Tinha o cabelo amarelo e fino que lhe dava a impressão de espiga de milho, uns olhos profundamente verdes riscados de lápis preto ao redor de suas pálpebras.

A minha trigésima sétima morte saiu para festejar seu aniversário de quarenta e cinco anos no mesmo bar no qual decidi comemorar a edição do meu segundo livro, primeiro de contos. Entre o inseto (eu) e o inseticida (ela), um amigo em comum, que nos apresentou.

Seu nome: Cristina. Só que escrito e falado em outro idioma, o alemão.

Tinha na expressão do olhar as milhares de festas pelas quais passou em suas viagens pelo mundo. A voz de militante de esquerda, menina sonhadora que não baixa a guarda na defesa de um mundo mais das pessoas, menos do dinheiro.

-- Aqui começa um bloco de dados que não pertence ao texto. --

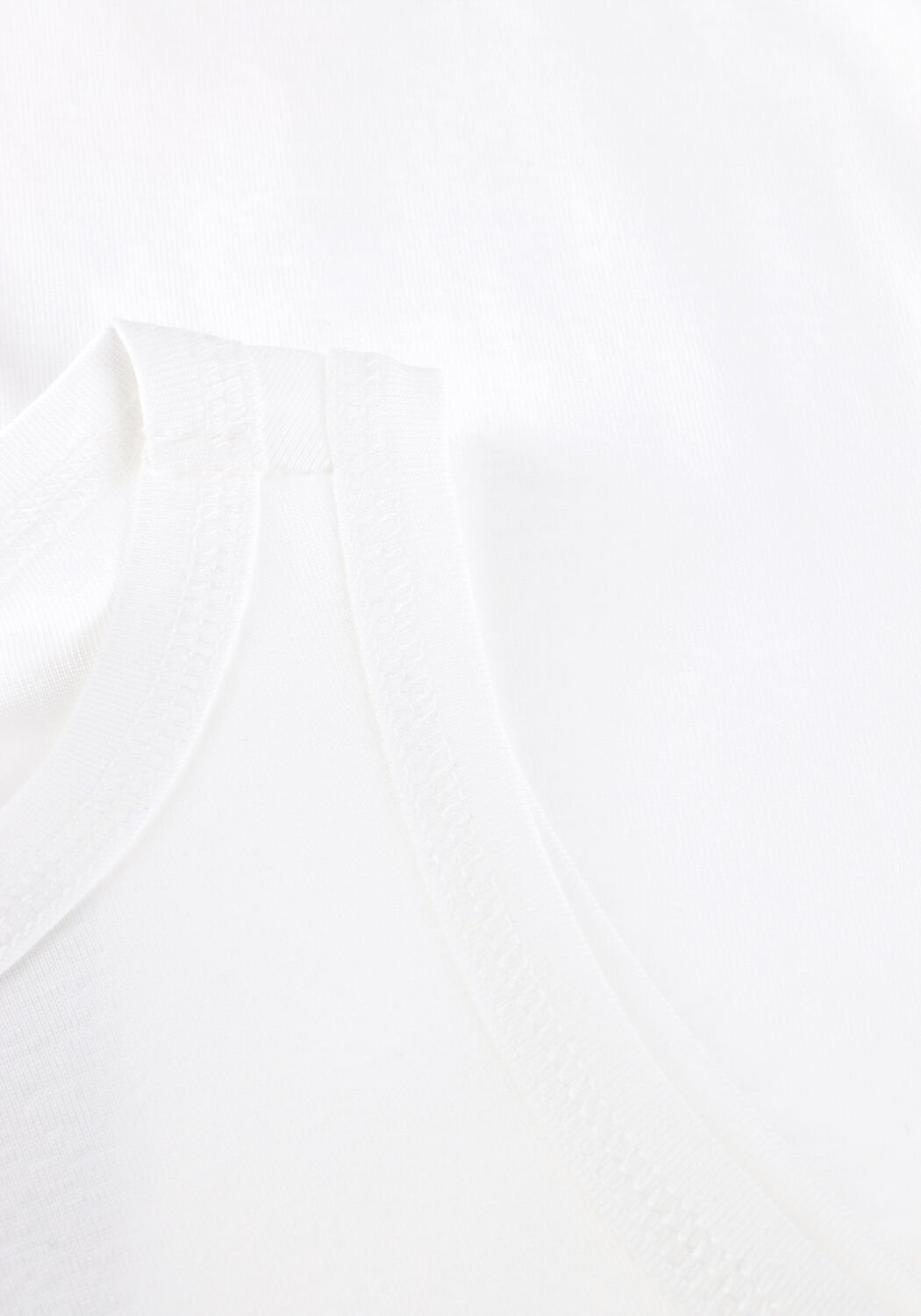 Witte HERSKIND Top SABINA TOP - large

Enfim, mais uma paixão, a primeira à primeira vista, me enfiando a mão para arrancar-me do peito o coração. E eu morri ali mesmo, num bar de terceira, tomando uma cerveja de quinta. E ouvindo um violeiro medianamente talentoso que conheço de outras serestas, mas que se esforçava para fingir que não me conhecia. Por isso eu, e minha morte alemã, caçoamos dele.

Dei a ela meu livro com uma dedicatória torta (porque minha caligrafia é torta) e mal escrita (porque eu já estava por demais bêbado) e fui–me embora o mais rapidamente, para que ela não pudesse, com sua beleza germânica, tripudiar de minha humilde morte latino-americana.

Quando eu acordei, estava mais cansado que de costume.